La question anglaise est posée. Quarante ans après son adhésion, le Royaume-Uni ne cesse de s'éloigner de l'Union européenne (UE). La bataille sur le budget communautaire, qui s'engage à Bruxelles jeudi 22 novembre, est emblématique de ces réticences de plus en plus vives.
Londres exige pour la période 2014-2020 un budget bien en deçà des propositions de ses 26 partenaires. On peut discuter la pertinence de la politique agricole, l'efficacité des aides aux pays les plus pauvres ou la justification du rabais britannique au budget européen. Les Britanniques ont un discours cohérent. Cohérent pour un pays qui se prépare à quitter l'UE et ne voit en elle qu'une vaste zone de libre-échange.
En réalité, le premier ministre David Cameron ne contrôle plus l'engrenage eurosceptique qui entraîne son pays, consterné par la crise de l'euro. Le locataire du 10 Downing Street a allumé la mèche, il y a un an, en refusant de signer le traité budgétaire censé sauver la monnaie unique. Depuis, David Cameron a organisé un réexamen de tous les engagements européens de son pays, annoncé l'abandon au moins provisoire du mandat d'arrêt européen et promis un référendum sur l'appartenance de son pays à l'Union après les élections générales prévues en 2015. Les sondages prédisent la victoire du non à l'Europe, et Westminster est sur la ligne des Britanniques. Dernièrement, David Cameron a été désavoué à la Chambre des communes par les eurosceptiques tories, alliés aux travaillistes, qui ont jugé encore trop généreuses ses propositions sur le budget européen.
Que les Britanniques s'en aillent !, serait-on tenté de dire, excédé par leur chantage permanent à la sécession qui leur permet de mieux s'imposer. Froidement, il convient de se demander si l'Europe continentale et la France ont intérêt à conserver le Royaume-Uni au sein de l'UE.
La réponse est oui. La City est, en réalité, la place financière off shore de l'euro et le sera encore davantage avec l'introduction de la taxe sur les transactions financières. On imagine mal la City et ses banques continuer de régner sur la finance européenne sans que les continentaux puissent exercer le moindre droit de regard. En outre, l'Europe de la défense n'est pas imaginable sans Londres, comme l'a montré l'expédition en Libye, alors que les échanges industriels sont souvent plus aisés avec les Britanniques qu'avec les Allemands. Enfin, les Britanniques sont les défenseurs du marché unique, qu'il convient de ne pas laisser aux seuls Allemands et Français, réticents à l'émergence d'un vrai marché des services.
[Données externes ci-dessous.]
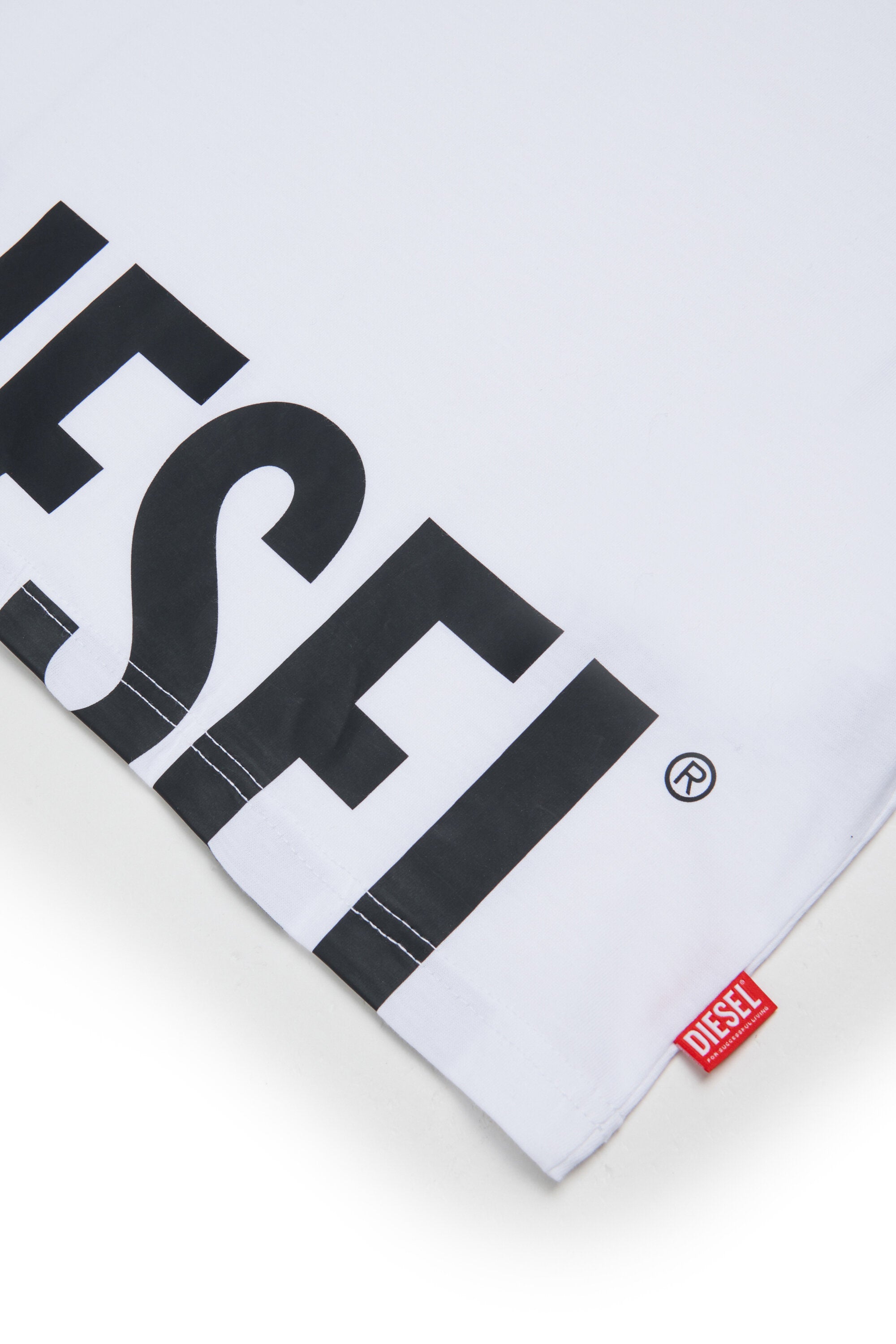 Camiseta con logo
Toutefois, le libre-échange n'est durable que s'il n'accentue pas les forces centrifuges d'une Union économiquement hétérogène. Le marché unique a un prix : les aides dites de la cohésion, pour aider les plus pauvres à rattraper leur retard. Les Suisses les financent, pour avoir accès au grand marché. Les Britanniques devront faire de même, y compris s'ils quittent l'UE. Les voilà prévenus.